(Image-text web data)
· · ·
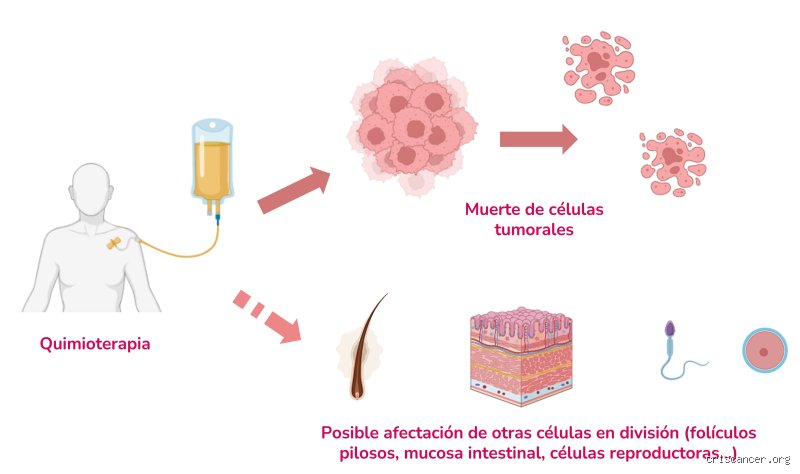 ¿Cómo hacer para que el cáncer no avance?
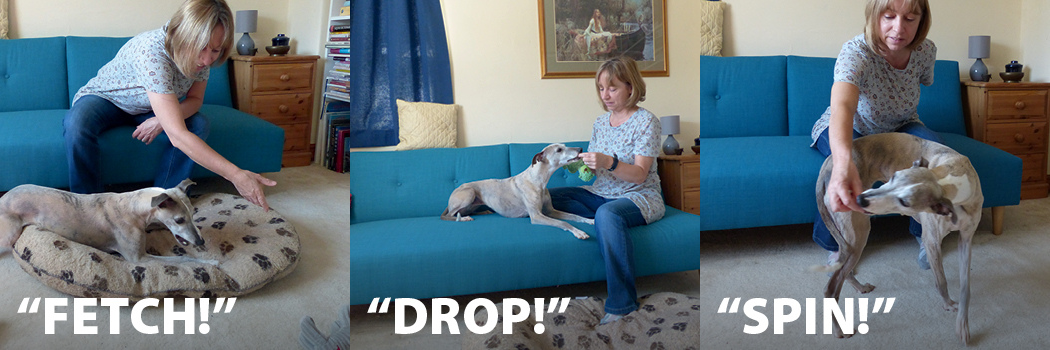 Teach your dog to fetch, drop and spin.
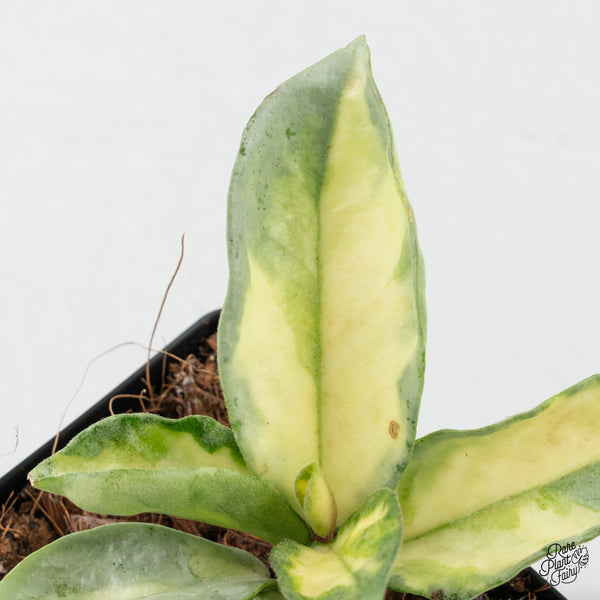 Hoya Carnosa 'Argentea Princess' by Kunzo (wk4-A)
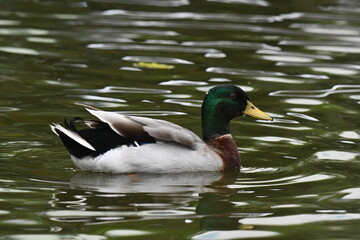 Marreco de pequim uma beleza única com um verde esmeralda cintilante e lindas asas no lago do jardim do Museu da República - Catete - RJ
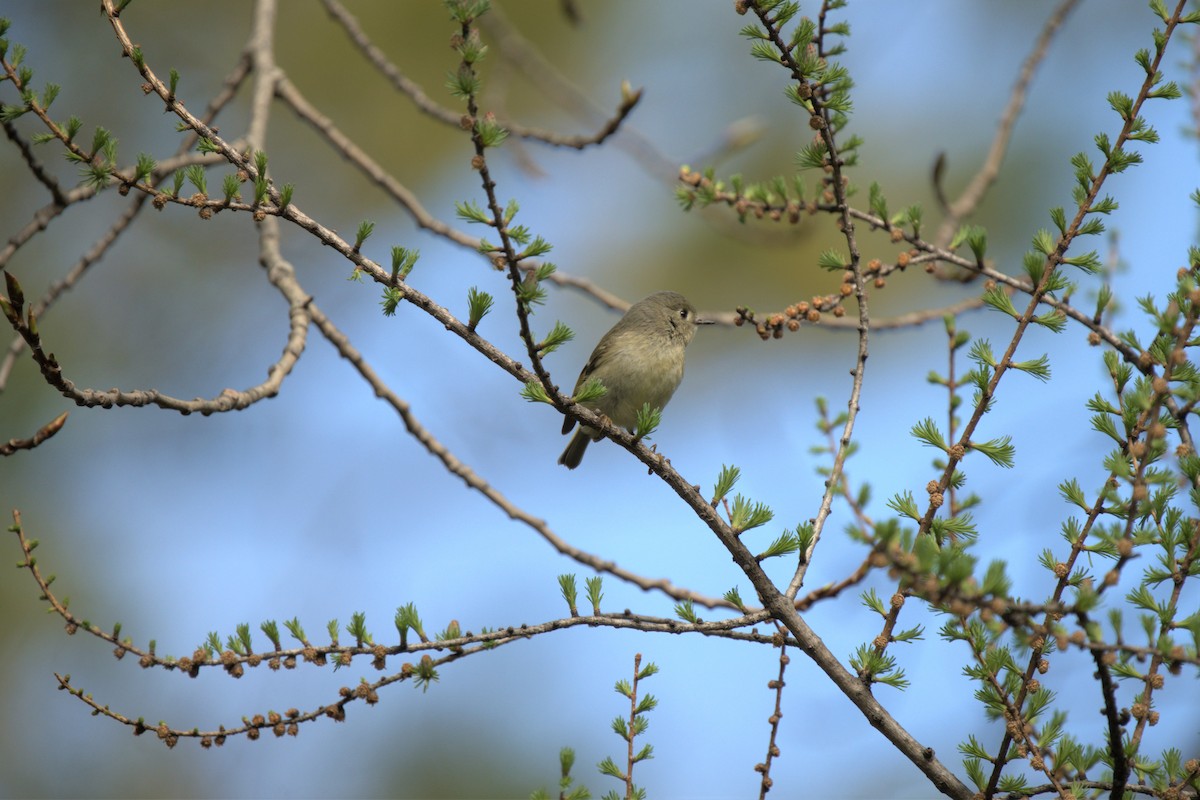 Ruby-crowned Kinglet - Ian Langlois Vaillancourt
· · ·
Restate word for word the lines that begin at the one containing "Hoya Carnosa 'Argentea" and end with the final line of the records. Pictures stay out.

> **Result for this task**:
 Hoya Carnosa 'Argentea Princess' by Kunzo (wk4-A)
 Marreco de pequim uma beleza única com um verde esmeralda cintilante e lindas asas no lago do jardim do Museu da República - Catete - RJ
 Ruby-crowned Kinglet - Ian Langlois Vaillancourt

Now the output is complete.